Rameau et le réemploi, Rameau et l’arrangement, c’est tout une histoire. On connaît bien celle du célèbre air des « Sauvages » qui fut originellement composé pour accompagner une exhibition d’Indiens d’Amérique du Nord à la Comédie-Italienne en 1722, puis modifié, agrandi et intégré à l’entrée « Les Sauvages » ajoutée aux Indes galantes en 1736, après être passés entre temps par les Nouvelles Suites de pièces de clavecin en 1727. On les retrouvera encore dans l’un des Concertos comiques de Corrette. L’exemple n’est pas isolé ; ainsi, les « Niais de Sologne », qui sont à la fois dans les pièces de clavecin et dans Dardanus, furent aussi arrangés pour deux flûtes par Michel Blavet…

Il était tentant de poursuivre l’aventure. Et quoi de plus stimulant que de savoir que Rameau fut joué à l’orgue, peut-être en concerto, par Balbastre dans les années 1760 ? C’est du rêve de recréer des concertos pour orgue baroque avec toute la richesse de la musique de Rameau, « son génie [qui] confère à ces arrangements un attrait que le style italianisant de Tapray ou Corrette n’arrive pas à égaler » qu’est né ce disque. Yves Rechsteiner a tout bonnement constitué trois concertos à partir de pièces de Rameau : les Sauvages, l’« Air pour les esclaves africains » des Indes, les Tendres plaintes (qui existent chez Rameau pour clavecin seul mais aussi comme danse dans Zoroastre), l’air « Lieux funestes » (de Dardanus) ou le trio des Parques (d’)…

Anecdotique ? Ce disque pourrait l’être s’il n’était jubilatoire. Car « le génie de Rameau » fait mouche (et les répétitions ne le font aimer que davantage), mais le talent d’arrangeur d’Yves Rechsteiner aussi. Bien plus inventif, lui aussi, qu’un Corrette, il joue des réponses entre l’orchestre et l’orgue, de qui commence et qui reprend, il s’amuse aussi avec le rythme, avec le contrepoint, bref : il invente et dispose (au sens de la dispositio rhétorique) à plaisir.

Le plaisir, c’est celui des auditeurs devant l’agilité dactylique de l’organiste, sa registration toujours intelligente et suggestive ; devant le fruité de l’ensemble Les Surprises, gorgé de sève vitale, faisant aussi bien entendre le « sujet » que tout son accompagnement, y compris les parties « intérieures ». Il n’y a que des cordes ? On l’oublie devant ces richesses.

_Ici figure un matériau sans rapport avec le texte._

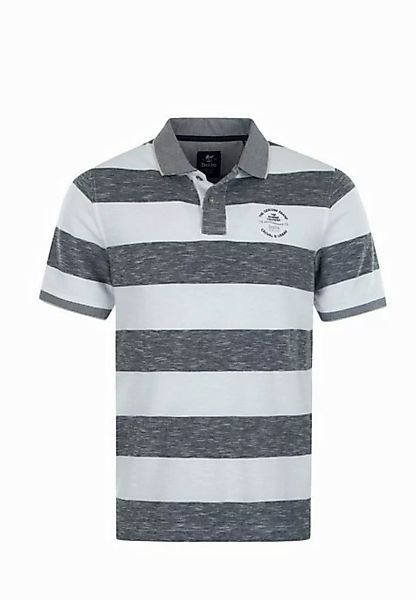 Hajo Poloshirt Riviera (1-tlg) Poloshirt - Baumwolle - Atmungsaktiv - Reine günstig online kaufen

Le programme est complété par quelques pièces des chers Rebel et Francœur, qui sont sans doute les compositeurs dont le style est le plus proche de celui de Rameau. Louis-Noël Bestion de Camboulas et ses Surprises s’en étaient déjà fait les défenseurs pour leur premier opus discographique, et il est manifeste qu’ils ont quelque chose à dire dans cette musique. On retrouvera, dans un arrangement nouveau, quelques pièces déjà présentes dans ledit enregistrement, mais on en découvrira de nouvelles, comme le noble « Prélude », les séduisantes « Forlanes », et une « Fanfare » plus que charmante — alors que ce n’est pas l’adjectif, sans doute, qu’on accolerait de prime abord à « fanfare »…

Irrésistible, addictif, irrésistible parce qu’addictif, cet Héritage de Rameau est le genre de disques qu’on se passe en boucle.

Extraits

Rameau, « Les Niais de Sologne » (arr. Y. Rechsteiner)

Rebel et Francœur, Fanfare

INFORMATIONS

L’héritage de Rameau

Œuvres de Rameau arrangées par Yves Rechsteiner. Œuvres de Rebel et Francœur.

Yves Rechsteiner, orgue
Ensemble Les Surprises
Louis-Noël Bestion de Camboulas, clavecin et dir.

1 CD, Ambronay, 2017.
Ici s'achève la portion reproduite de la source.